The claimant, Hart Investments, sought to hold the first defendant, Fidler, responsible for the collapse of part a building that Hart owned. Fidler was a structural engineer and denied responsibility for the collapse. He was employed by both the claimant and the second defendant, building contractor Larchpark.
Hart alleged that Fidler was liable to the firm in contract, or alternatively in tort, for two alleged failings:
1 Failing to design any, or any appropriate scheme for the temporary support of underpinning, which surrounded a deep basement excavation; and/or
2 Failing to require the contractor to take precautions so as to support the underpinning when Fidler allegedly saw that the underpinning was unsupported.
Fidler argued that he had no contractual responsibility to Hart for the temporary works, which included the propping of the underpinning. He further argued that: he owed no tortuous duty to the claimant to prevent economic loss of the sort claimed; he had in any event designed an appropriate scheme; he had not seen anything to suggest that the contractor had not carried out his design; and he did not in any event cause the collapse in question.
The issues before the court were: what if any of the design of the temporary works for the propping had been carried out by Fidler; what had Fidler observed before the collapse; the extent of Fidler’s contractual responsibility; whether Fidler owed Hart a tortuous duty; and whether the Fidler’s failures caused the collapse.

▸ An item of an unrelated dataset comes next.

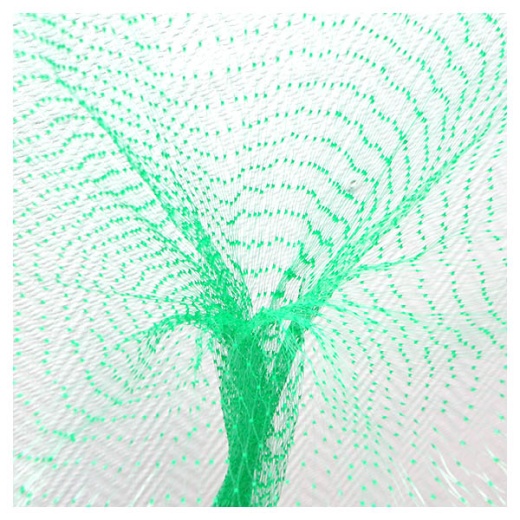 Сетка от птиц для деревьев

The court held that design drawings showing the necessary propping were in existence before the collapse. Accordingly, it was an issue that was in Fidler’s mind. Further, the court held that the building contractor had commenced, and indeed progressed, the excavations to a level where they were dangerous prior to Fidler’s final site visit before the collapse. Fidler was, therefore, in breach of contract by not warning the contractor as to the risk of the site collapsing and in not requiring the contractor to take immediate steps to prevent that danger. Such contractual duty was also concurrent with a duty of care in tort to prevent economic loss.
* Full case details:
Hart Investments Limited v Terence Maurice Charles Fidler (t/a Terence Fidler Partnership) Larchpark Limited (in liquidation) 30 March 2007, Mr Recorder Rodger Stewart Q.C.  EWHC 1058 (TCC)
Contact Fenwick Elliott on 020 7421 1986 or NGould@fenwickelliott.co.uk
This case clarifies the extent of a consultant’s duty to warn. In this particular case even though the structural engineer was employed in relation to the permanent works he was obliged to warn in respect of an obvious danger with the temporary works when he had seen the excavations (without any propping) during one his site visits. Consultants are well advised to keep in mind the extent of this duty when undertaking site visits.